▸ **YOUR OBJECTIVE**
What is needed is an exact reproduction of the lines in the records below, starting at the line with "Mills - Lot" and ending at the line with "VEVOR Cotton Candy", both included, and nothing else; pictures stay out.

▸ **THE DATA**
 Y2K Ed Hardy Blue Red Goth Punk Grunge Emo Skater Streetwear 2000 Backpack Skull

* * *

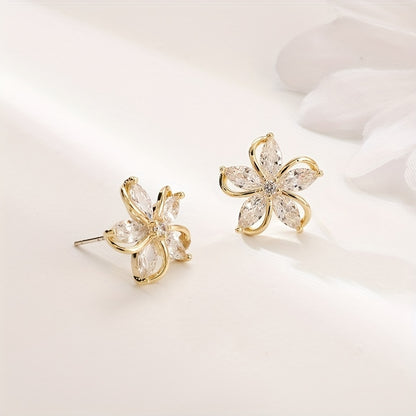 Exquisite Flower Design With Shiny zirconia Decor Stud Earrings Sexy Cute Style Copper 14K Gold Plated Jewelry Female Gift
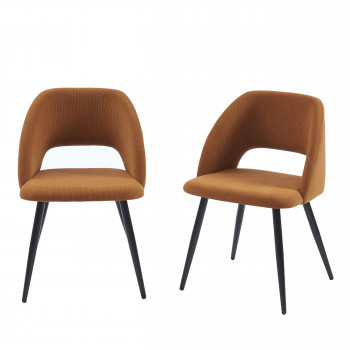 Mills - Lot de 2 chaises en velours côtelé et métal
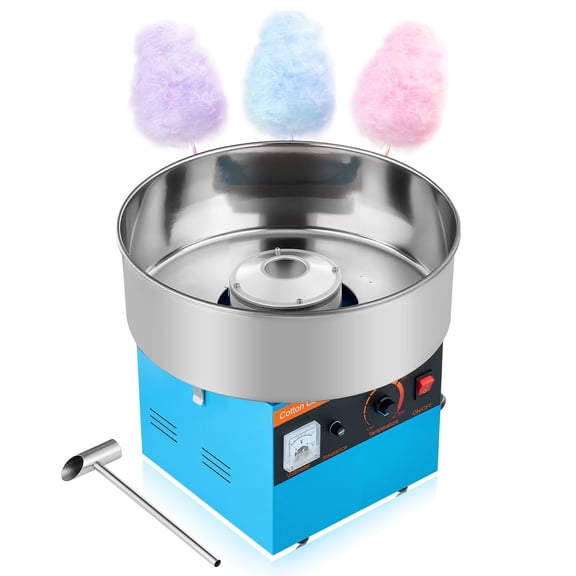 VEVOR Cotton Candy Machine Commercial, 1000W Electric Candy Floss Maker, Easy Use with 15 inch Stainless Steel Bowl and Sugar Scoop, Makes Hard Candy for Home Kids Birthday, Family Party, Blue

▸ **SOLUTION TO THIS PROBLEM**
 Mills - Lot de 2 chaises en velours côtelé et métal
 VEVOR Cotton Candy Machine Commercial, 1000W Electric Candy Floss Maker, Easy Use with 15 inch Stainless Steel Bowl and Sugar Scoop, Makes Hard Candy for Home Kids Birthday, Family Party, Blue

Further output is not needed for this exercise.